= South Coast Television =

South Coast TV was a television deflector and MMDS service operating in County Cork, Ireland. Its headquarters were in Carrigaline.

==History==
South Coast TV was founded in 1985 as the Carrigaline Community Television Project, to provide a multi-channel TV service to the people of Carrigaline initially, and later much of the rest of County Cork who, at the time, were unable to receive cable service. The service was operated using an antenna array, erected in the Comeragh mountains, which was then relayed to Carrigaline for further transmission around the county.

The service initially provided just one channel (HTV Wales), but was quickly followed by BBC One and BBC Two. Eventually, the fourth Welsh channel was added, S4C. From the early 1990s, the service was able to carry up to six channels with one or two of Sky1, Sky News or Eurosport in addition to the four terrestrial channels. Some southcoast affiliates also carried LTV -a local service from Macroom.

The service from the originating transmitter was initially powered by tractor batteries (replaced every few days by volunteers), until a long (approx 3 km) power cable was laid with voluntary effort to the site some months later.

Digital satellite was introduced in 2001 with BBC One Northern Ireland replacing BBC One Wales, BBC Two Northern Ireland replacing BBC Two Wales, and Channel 4 replacing S4C. SCTV's analogue UHF service was always effectively a free-to-air service, and could be received by anyone within coverage using an appropriate domestic UHF aerial installation.

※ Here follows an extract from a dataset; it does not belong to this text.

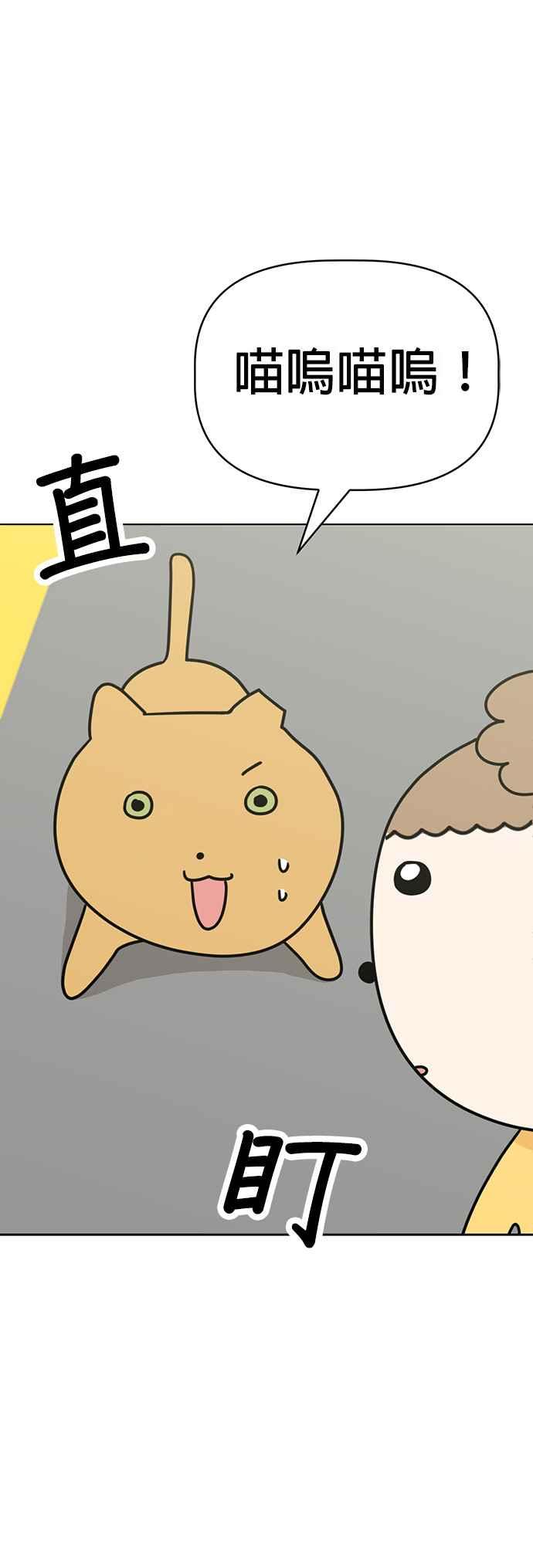 我家妹妹是狗狗 第32话 喵喵猫咪聚会 第50页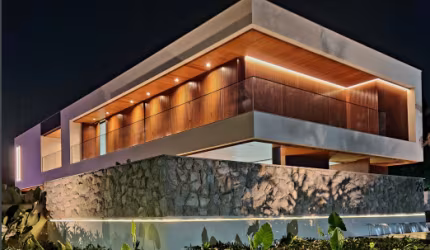 CASA 5 SUITES CONDOMÍNIO AROUCA - BARRA DA TIJUCA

The service relied on the goodwill of viewers to pay the annual sum of money sought by the operators. The service initially operated illegally and suffered occasional harassment from the authorities (in the form of raids) and rival licensed operators (in the form of court injunctions) but after a long campaign was awarded an official licence in 1999. Around the same time similar operations were licensed in other parts of Ireland - particularly Mayo and Donegal.

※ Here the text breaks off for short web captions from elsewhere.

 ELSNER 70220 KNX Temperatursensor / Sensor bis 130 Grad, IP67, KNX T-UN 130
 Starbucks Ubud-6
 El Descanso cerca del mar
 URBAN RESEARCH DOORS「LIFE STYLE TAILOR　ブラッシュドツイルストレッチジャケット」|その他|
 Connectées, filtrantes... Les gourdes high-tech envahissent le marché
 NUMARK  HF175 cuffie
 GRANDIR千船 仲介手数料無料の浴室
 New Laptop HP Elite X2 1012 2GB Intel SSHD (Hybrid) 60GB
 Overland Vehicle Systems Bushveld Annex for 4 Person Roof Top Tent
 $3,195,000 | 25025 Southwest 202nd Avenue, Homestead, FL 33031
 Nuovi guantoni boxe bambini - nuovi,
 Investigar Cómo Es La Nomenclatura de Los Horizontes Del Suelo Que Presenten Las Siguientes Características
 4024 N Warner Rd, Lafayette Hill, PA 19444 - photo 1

After a share-offer to raise finance, a digital MVDDS service (SCTV Digital) operating at 12 GHz, using a system built by MDS America, with more than 60 channels was launched by SCTV in September 2006 with plans for broadband. This coincided with its conversion to a commercial enterprise. The service failed however as a result of free-to-air (satellite) coverage of UK channels, lower cost options via Sky, UPC and Freesat and slow rollout. Complete line-of-sight was required to the transmitter for the new service. Some prospective viewers also declined the new service as it was hoped by many that Ireland's imminent national DTT service would provide UK channels at low cost (it doesn't). SCTV Digital went bankrupt in mid-2010 because of these problems.

Transmission of premium channels stopped in June 2010, and was replaced by a message that told viewers it was shutting down. The service was fully shut down in Autumn 2010. The boxes have since been sold or recycled.

Most of Ireland's other deflector systems ceased operation in 2012 as part of the general shutdown of analogue based services. Proposals for a digital based replacement having never been realised.